EXERCISE DATA Block Start
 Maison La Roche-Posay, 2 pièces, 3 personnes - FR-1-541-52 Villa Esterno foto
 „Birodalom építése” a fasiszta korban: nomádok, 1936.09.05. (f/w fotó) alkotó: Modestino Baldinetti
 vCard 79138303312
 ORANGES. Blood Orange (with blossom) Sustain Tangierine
EXERCISE DATA Block End
EXERCISE DATA Block Start
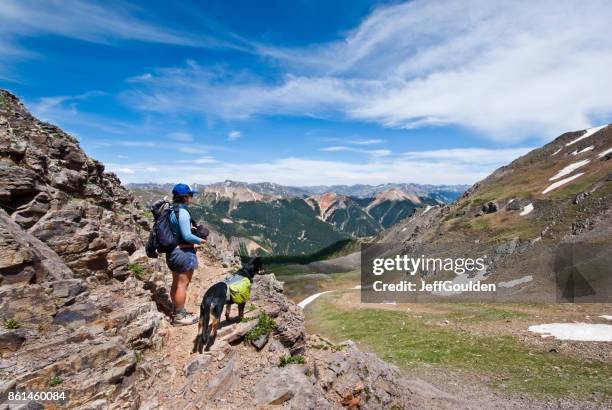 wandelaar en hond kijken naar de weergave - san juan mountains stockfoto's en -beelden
EXERCISE DATA Block End
EXERCISE DATA Block Start
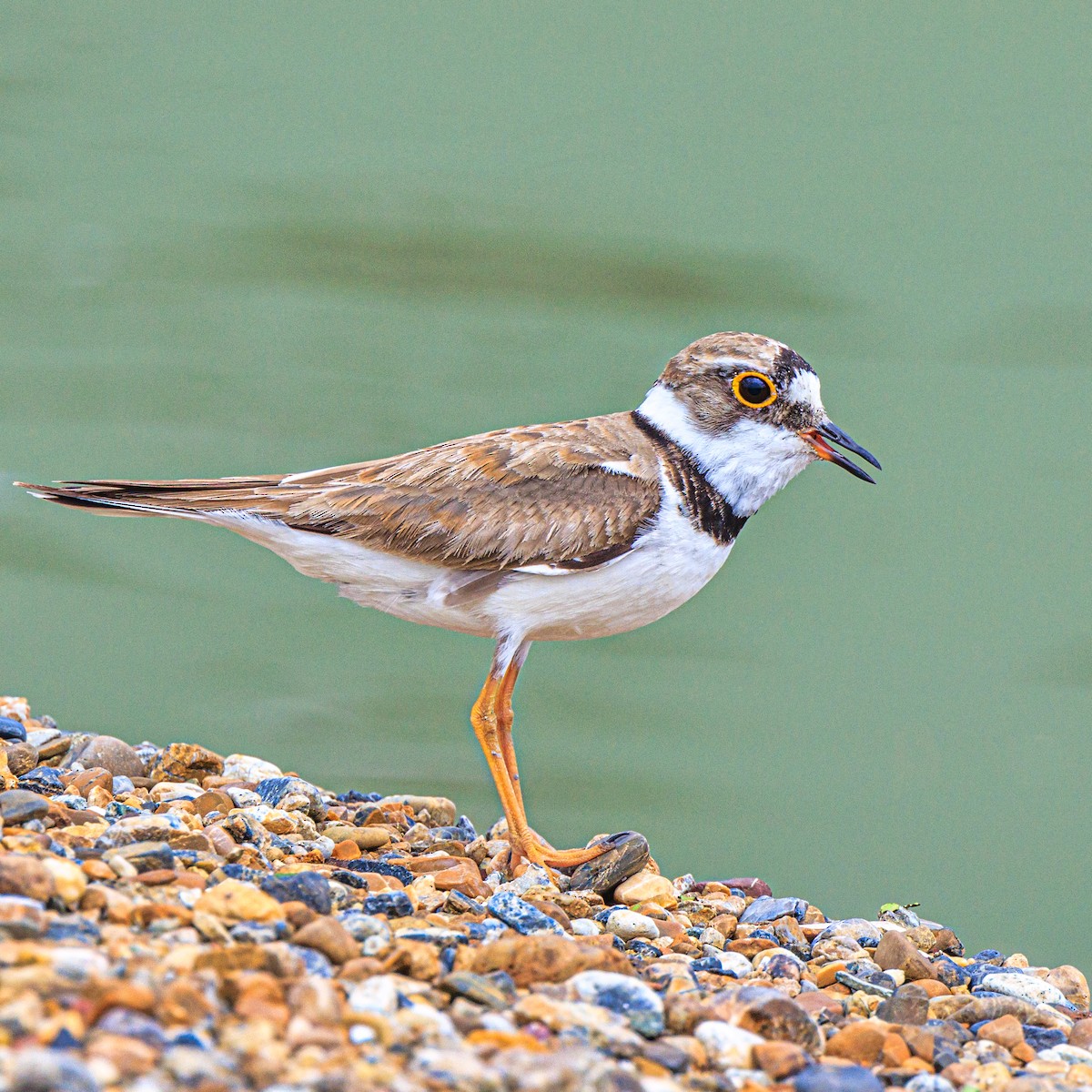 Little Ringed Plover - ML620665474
EXERCISE DATA Block End
The response should be the listing above, limited to the lines between the one holding "Maison La Roche-Posay, 2" and the one holding "ORANGES. Blood Orange", inclusive, reproduced exactly.

- WRITTEN SOLUTION:
 Maison La Roche-Posay, 2 pièces, 3 personnes - FR-1-541-52 Villa Esterno foto
 „Birodalom építése” a fasiszta korban: nomádok, 1936.09.05. (f/w fotó) alkotó: Modestino Baldinetti
 vCard 79138303312
 ORANGES. Blood Orange (with blossom) Sustain Tangierine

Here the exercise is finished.